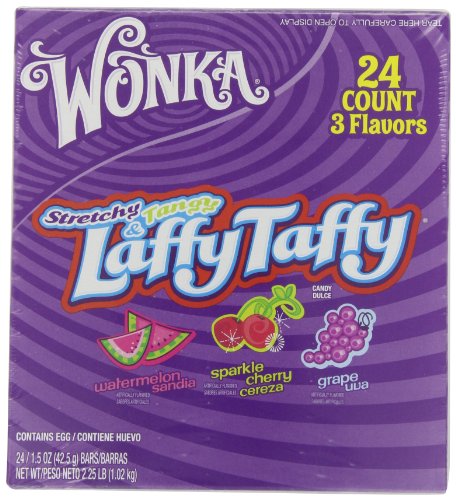 Wonka Laffy Taffy Stretchy & Tangy Variety Box,1.5 ounce Boxes (Pack of 48) logo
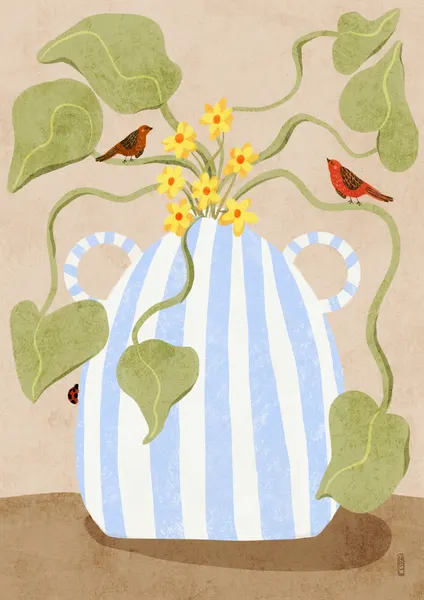 Spring Flowers and Birds by Dirkie Nell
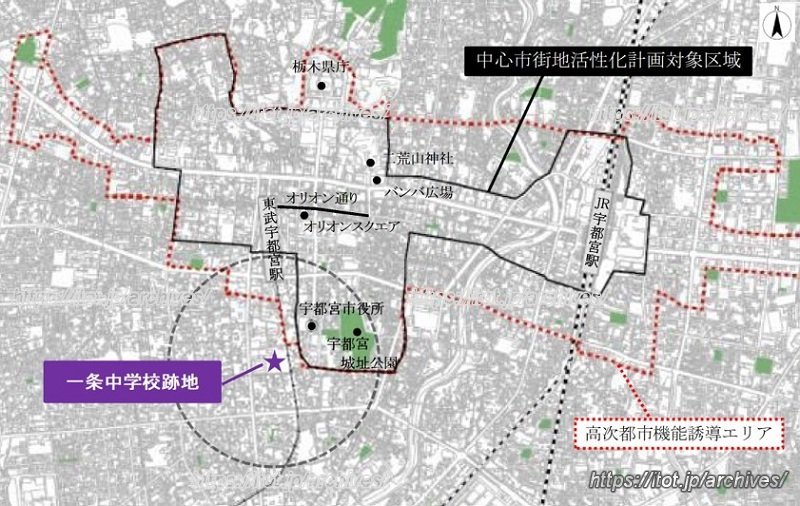 一条中学校跡地の位置図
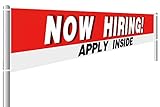 Large Now Hiring Apply Inside Banner for Business or Hiring Event, New, Store, Advertising, Flag (9.8 x 1.5 feet)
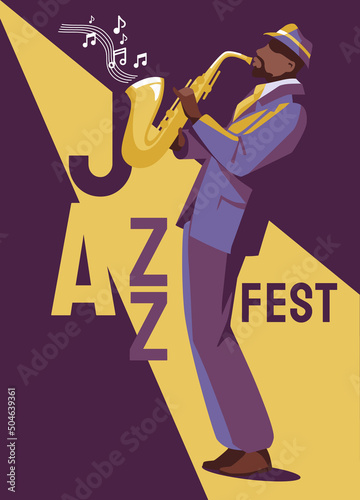 Jazz saxophonist. flat style. Music, art and blues musician concept. Design flyer poster for a concert in a club, festival.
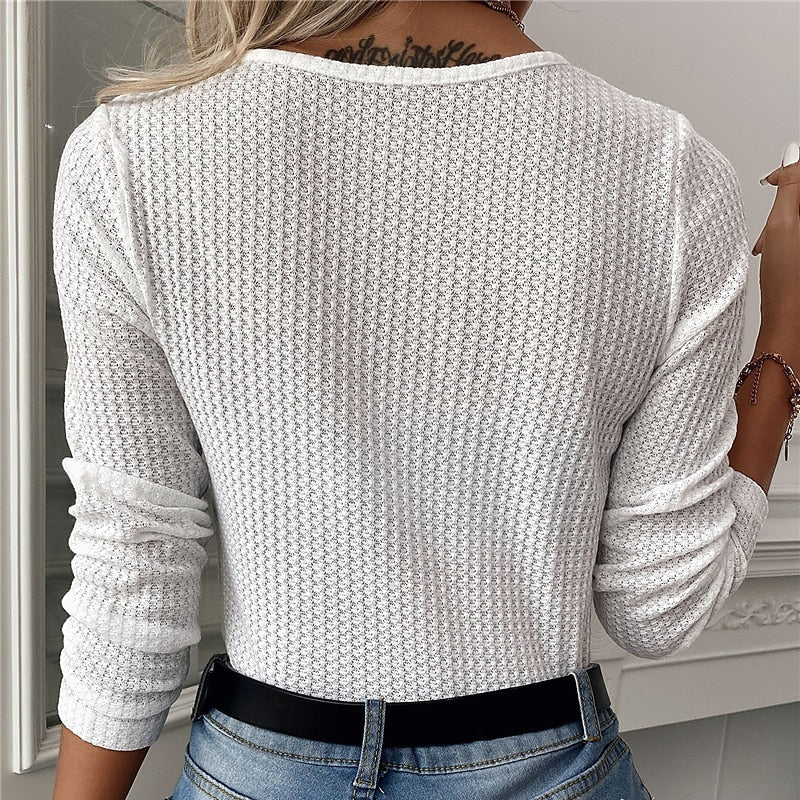 Women's Pullover Sweater Jumper Pullover Jumper V Neck Chunky Waffle Knit Cotton Knitted Thin Summer Spring Outdoor Daily Holiday Stylish Basic Casual Long Sleeve Pure Color Black White Blue S M L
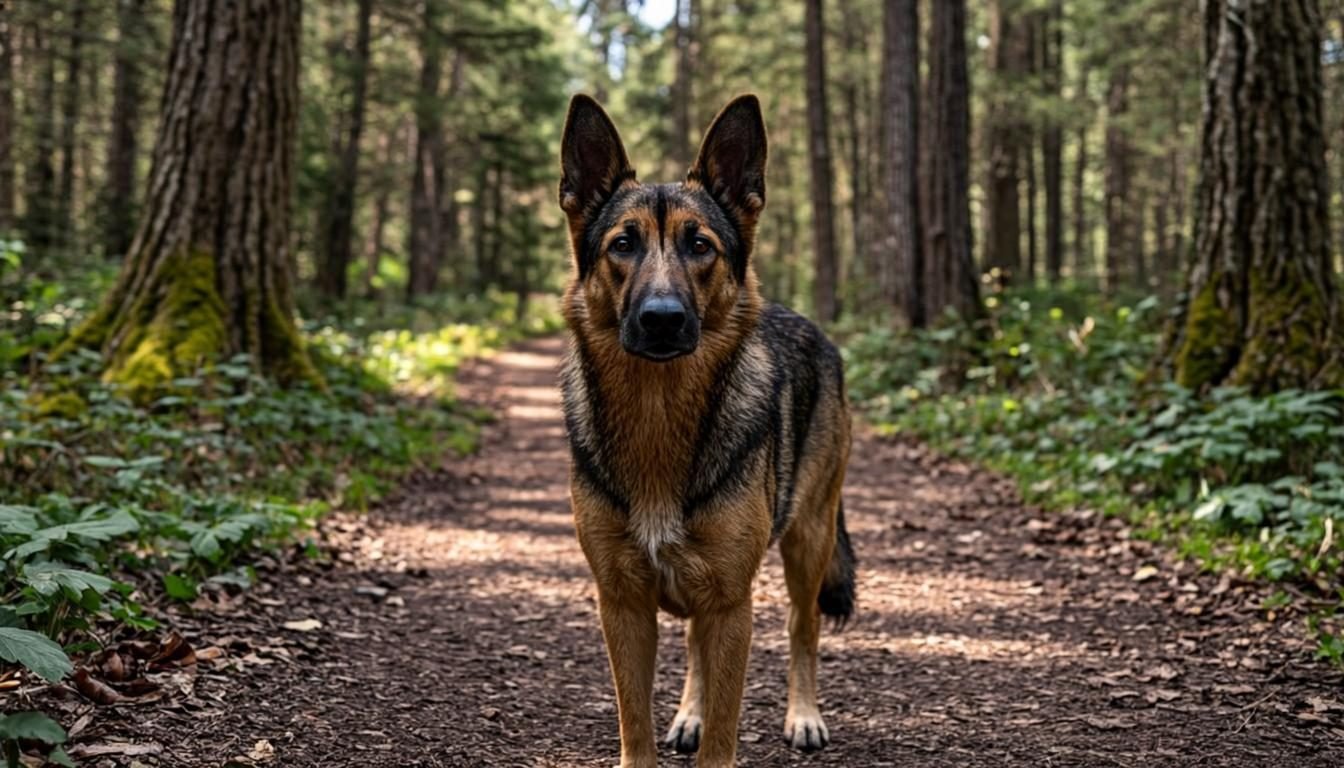 The German Shepherd Rottweiler Mix: Complete Guide (2026) 4 the german shepherd rottweiler mix heeling beside its owner on a trail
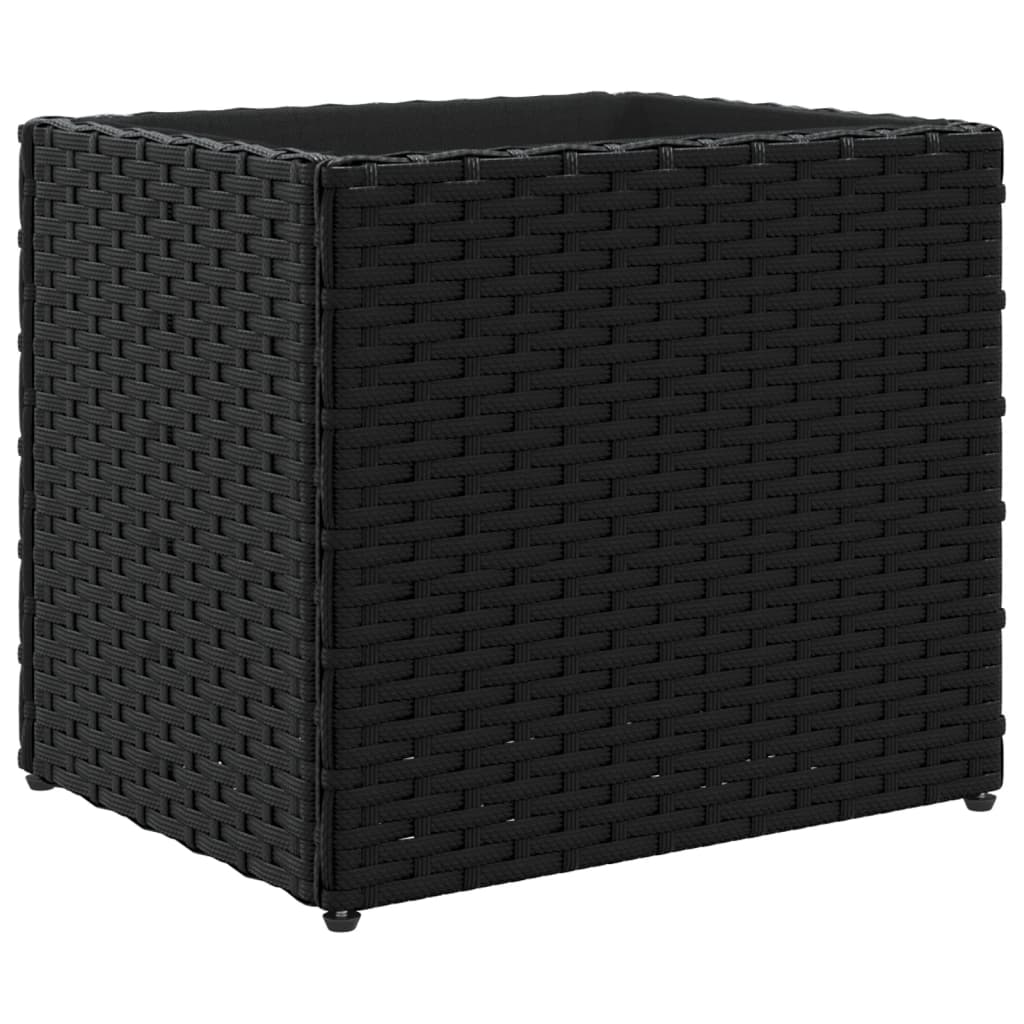 Fioriere Da Giardino 2 Pz Nere In Polyrattan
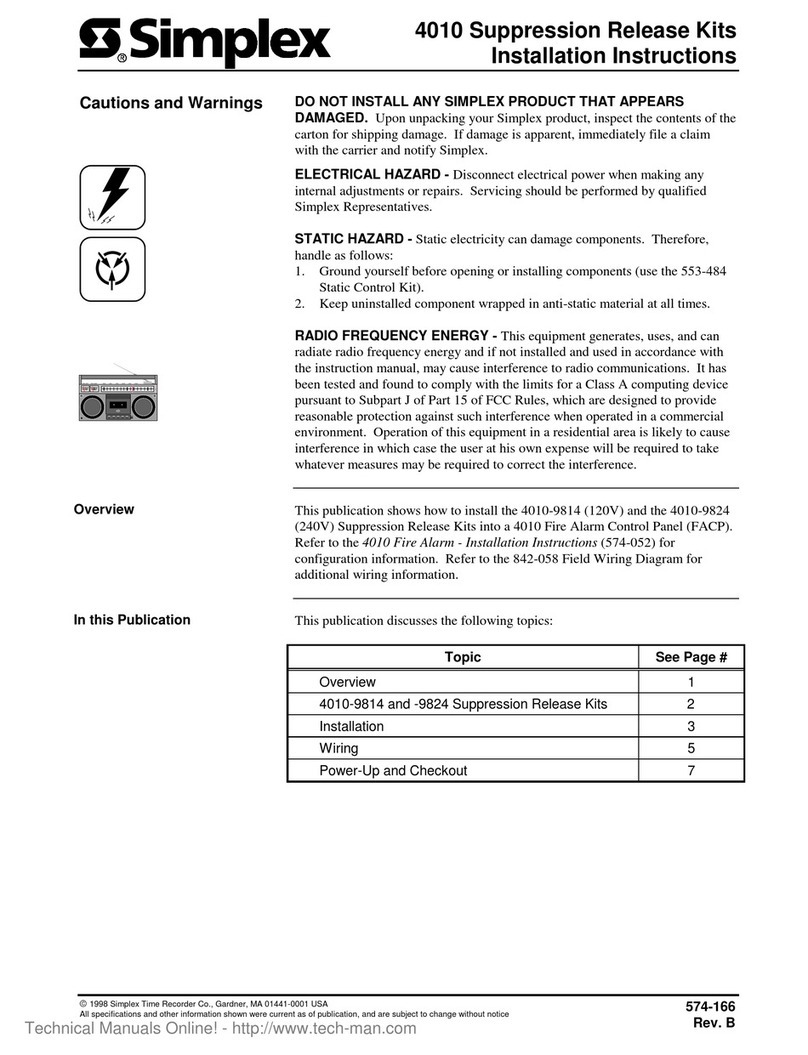 Simplex 4010 installation instructions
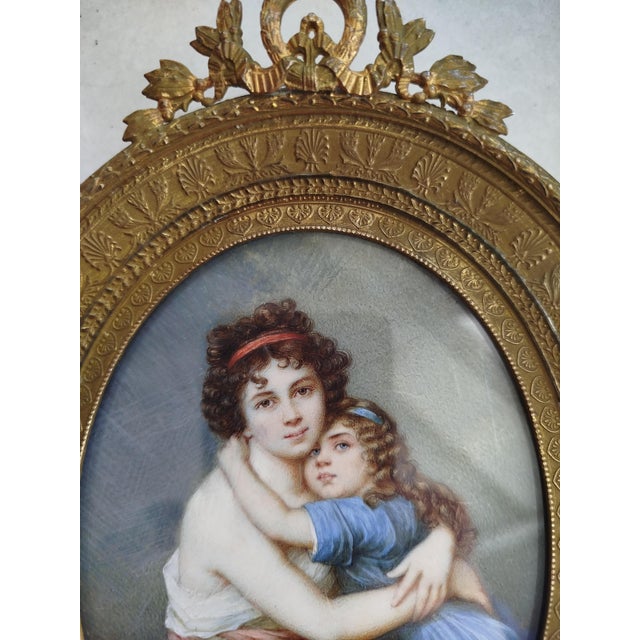 Antique Louis XVI French Miniature in Bronze After E. Vigee Lebrun for Belle Epoque, 1880 For Sale - Image 11 of 14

☆ ☆ ☆ ☆

▸ **What the exercise asks**: Go to the line with "Spring Flowers and Birds by Dirkie Nell" in the entries above. Reproduce that line and each one after it to the end, exactly and without the pictures.

▸ **Result of this task**:
 Spring Flowers and Birds by Dirkie Nell
 一条中学校跡地の位置図
 Large Now Hiring Apply Inside Banner for Business or Hiring Event, New, Store, Advertising, Flag (9.8 x 1.5 feet)
 Jazz saxophonist. flat style. Music, art and blues musician concept. Design flyer poster for a concert in a club, festival.
 Women's Pullover Sweater Jumper Pullover Jumper V Neck Chunky Waffle Knit Cotton Knitted Thin Summer Spring Outdoor Daily Holiday Stylish Basic Casual Long Sleeve Pure Color Black White Blue S M L
 The German Shepherd Rottweiler Mix: Complete Guide (2026) 4 the german shepherd rottweiler mix heeling beside its owner on a trail
 Fioriere Da Giardino 2 Pz Nere In Polyrattan
 Simplex 4010 installation instructions
 Antique Louis XVI French Miniature in Bronze After E. Vigee Lebrun for Belle Epoque, 1880 For Sale - Image 11 of 14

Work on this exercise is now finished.